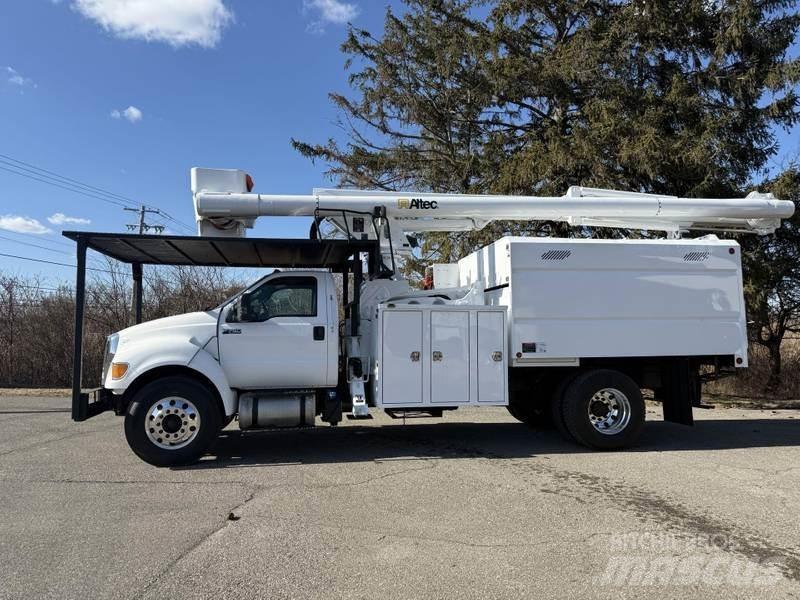 Ford F-750 卡車裝載高空作業車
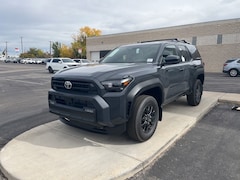 2025 Toyota 4Runner SR5 4WD SR5
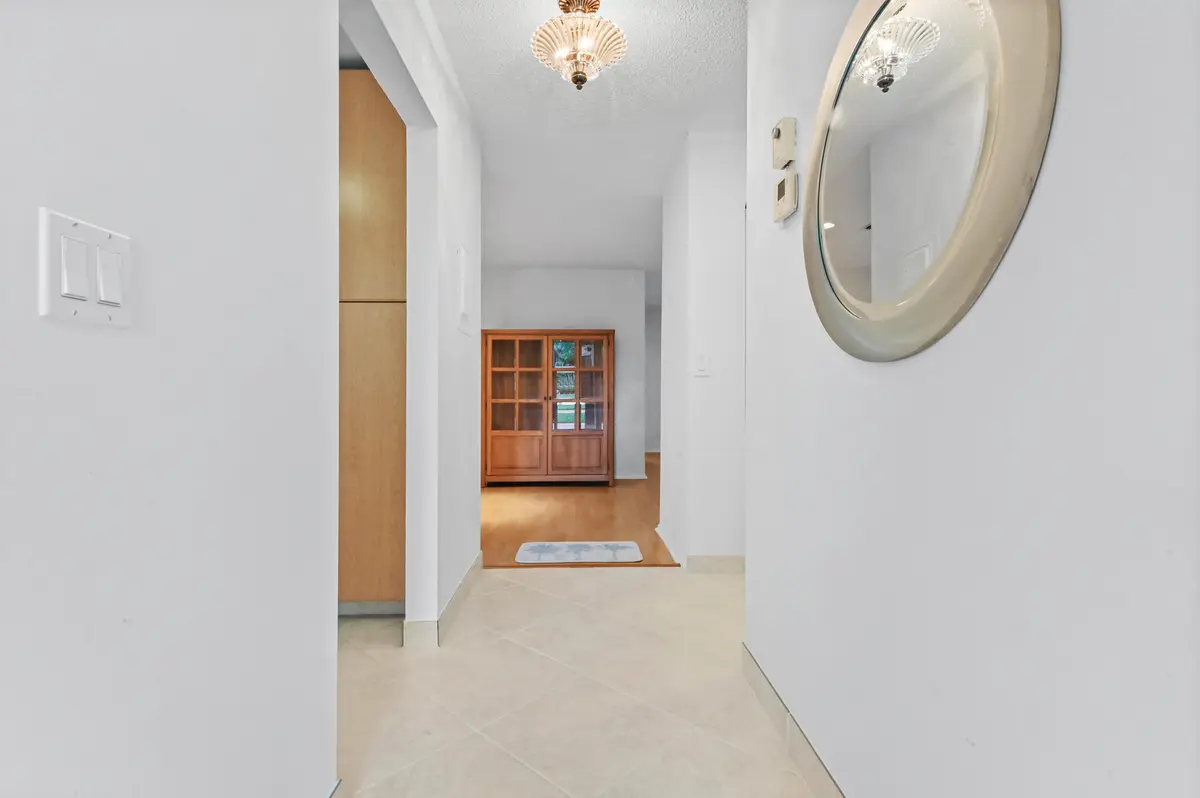 04 Entry 01 at 103 Lake Anne Drive, West Palm Beach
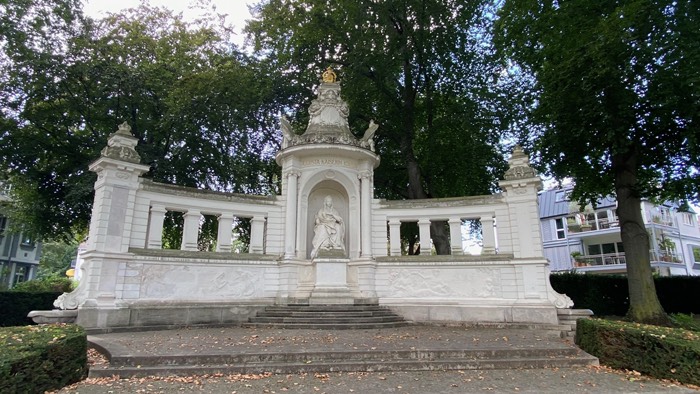 Kaiserin Augusta Denkmal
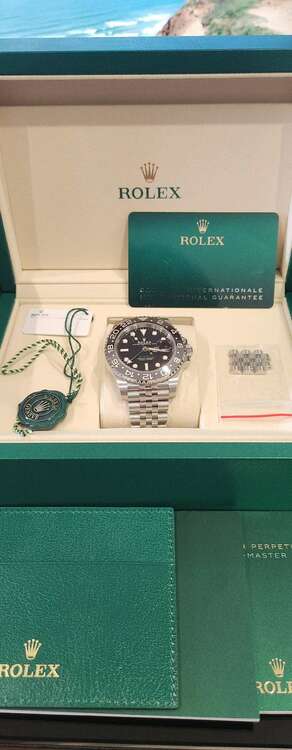 GMTマスター２（高級時計）の商品画像 - 査定依頼日：2025年4月8日 - 最高査定価格：2,780,000円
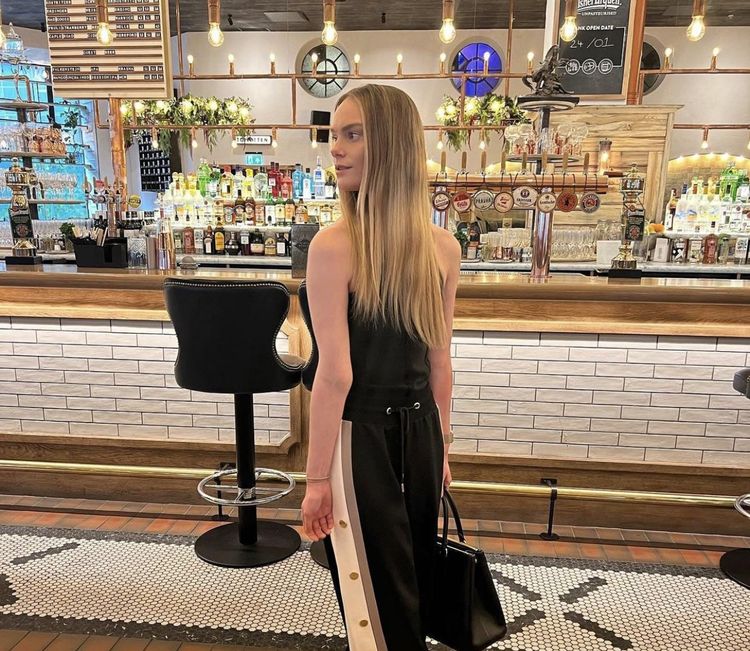 05 15 27 1654000071534307106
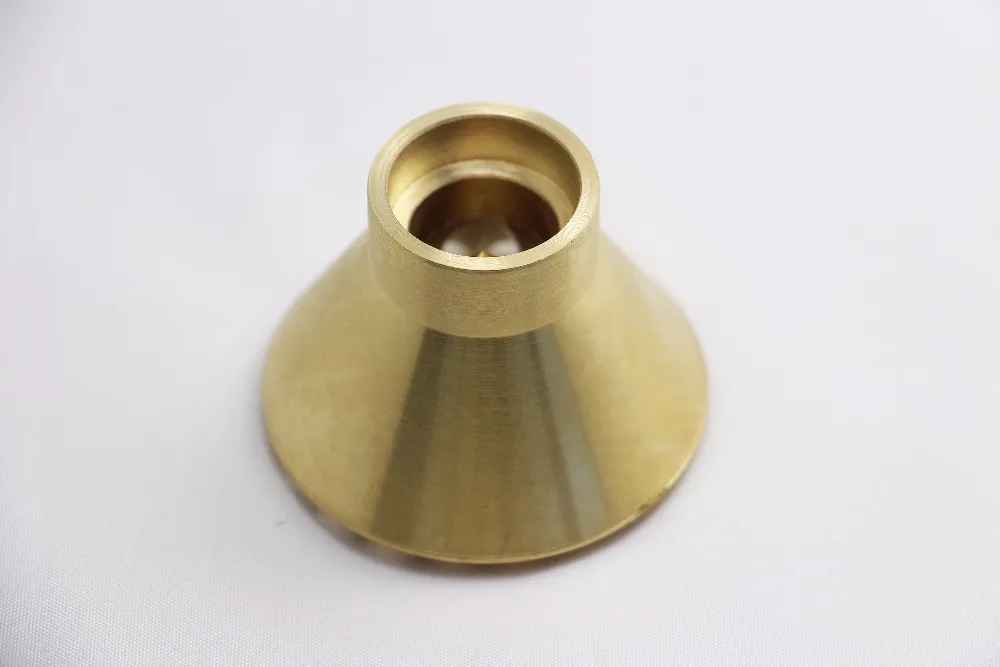 The Classic Type and Widely Useful Air Conditioner Brass Fitting 30 Holes Distributor Liquid Distributor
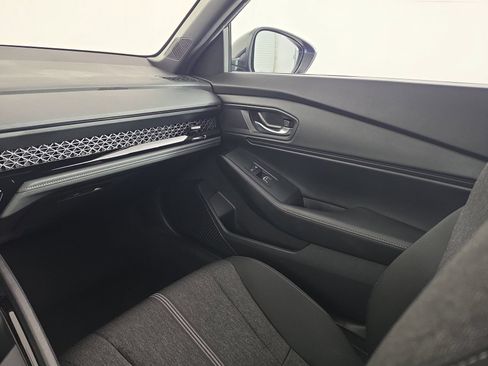 Used 2023 Honda Accord Sport image 37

************

Exercise description:
An exact copy of all the records, free of pictures, is the expected answer.

Finished task:
 Ford F-750 卡車裝載高空作業車
 2025 Toyota 4Runner SR5 4WD SR5
 04 Entry 01 at 103 Lake Anne Drive, West Palm Beach
 Kaiserin Augusta Denkmal
 GMTマスター２（高級時計）の商品画像 - 査定依頼日：2025年4月8日 - 最高査定価格：2,780,000円
 05 15 27 1654000071534307106
 The Classic Type and Widely Useful Air Conditioner Brass Fitting 30 Holes Distributor Liquid Distributor
 Used 2023 Honda Accord Sport image 37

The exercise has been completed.